EXERCISE REQUIREMENTS = Hunt through the entries for the word "Used" and copy each line in which it appears.

┌─ LISTED RECORDS

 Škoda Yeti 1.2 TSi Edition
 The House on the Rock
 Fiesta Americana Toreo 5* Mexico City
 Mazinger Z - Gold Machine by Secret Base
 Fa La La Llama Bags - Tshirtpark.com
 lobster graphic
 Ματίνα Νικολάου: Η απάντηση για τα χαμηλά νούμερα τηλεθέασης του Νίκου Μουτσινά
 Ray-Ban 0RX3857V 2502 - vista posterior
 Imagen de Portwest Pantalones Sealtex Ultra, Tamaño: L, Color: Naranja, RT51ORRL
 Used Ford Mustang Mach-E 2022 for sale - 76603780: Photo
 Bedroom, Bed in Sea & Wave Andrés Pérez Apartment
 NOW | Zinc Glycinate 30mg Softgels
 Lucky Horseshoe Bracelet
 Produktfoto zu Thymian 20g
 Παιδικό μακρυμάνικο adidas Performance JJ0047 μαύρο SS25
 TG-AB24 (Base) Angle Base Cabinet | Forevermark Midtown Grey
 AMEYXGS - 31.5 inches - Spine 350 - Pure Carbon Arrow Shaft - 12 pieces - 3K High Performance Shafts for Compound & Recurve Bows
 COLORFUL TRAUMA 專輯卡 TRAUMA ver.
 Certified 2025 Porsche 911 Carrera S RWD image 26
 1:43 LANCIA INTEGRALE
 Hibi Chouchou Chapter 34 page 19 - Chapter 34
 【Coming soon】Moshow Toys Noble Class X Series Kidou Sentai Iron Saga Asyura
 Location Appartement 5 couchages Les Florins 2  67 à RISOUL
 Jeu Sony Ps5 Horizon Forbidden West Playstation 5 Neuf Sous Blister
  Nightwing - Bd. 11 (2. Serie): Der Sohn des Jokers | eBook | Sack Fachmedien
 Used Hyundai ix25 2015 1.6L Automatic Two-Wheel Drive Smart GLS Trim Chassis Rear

└─

EXERCISE RESULT =
 Used Ford Mustang Mach-E 2022 for sale - 76603780: Photo
 Used Hyundai ix25 2015 1.6L Automatic Two-Wheel Drive Smart GLS Trim Chassis Rear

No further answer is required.